WHAT IS EXPECTED –
Apart from the pictures, every line below needs to be reproduced verbatim.

SUPPLIED DATA –
━━━━━━━━
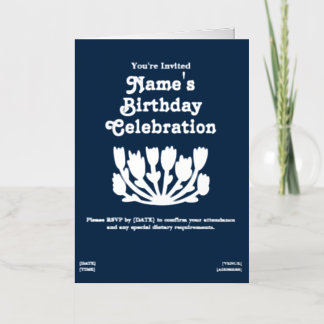 Custom Happy Birthday Foil Greeting Card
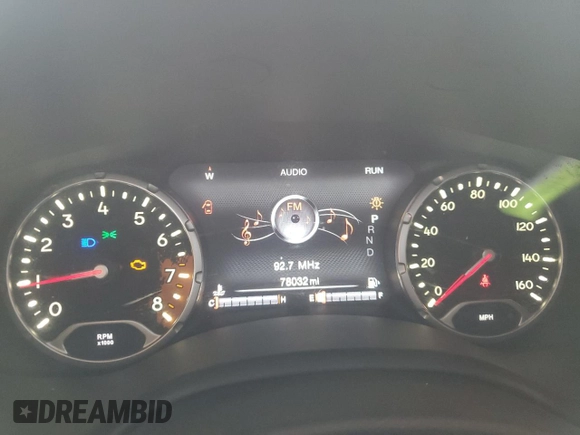 2017 Jeep Renegade Limited with VIN ZACCJBDB9HPF78962, listed as a Copart auction lot 62707325 with 78,032 mi miles and Salvage title. Bid and sale history available at DreamBid. Image 9.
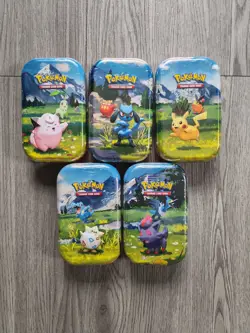 Pokemon Tcg Mega Evolution - Ascended Heroes Mini Tins (5 Tins - Full Art Set) - Image 1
━━━━━━━━
THE ANSWER –
 Custom Happy Birthday Foil Greeting Card
 2017 Jeep Renegade Limited with VIN ZACCJBDB9HPF78962, listed as a Copart auction lot 62707325 with 78,032 mi miles and Salvage title. Bid and sale history available at DreamBid. Image 9.
 Pokemon Tcg Mega Evolution - Ascended Heroes Mini Tins (5 Tins - Full Art Set) - Image 1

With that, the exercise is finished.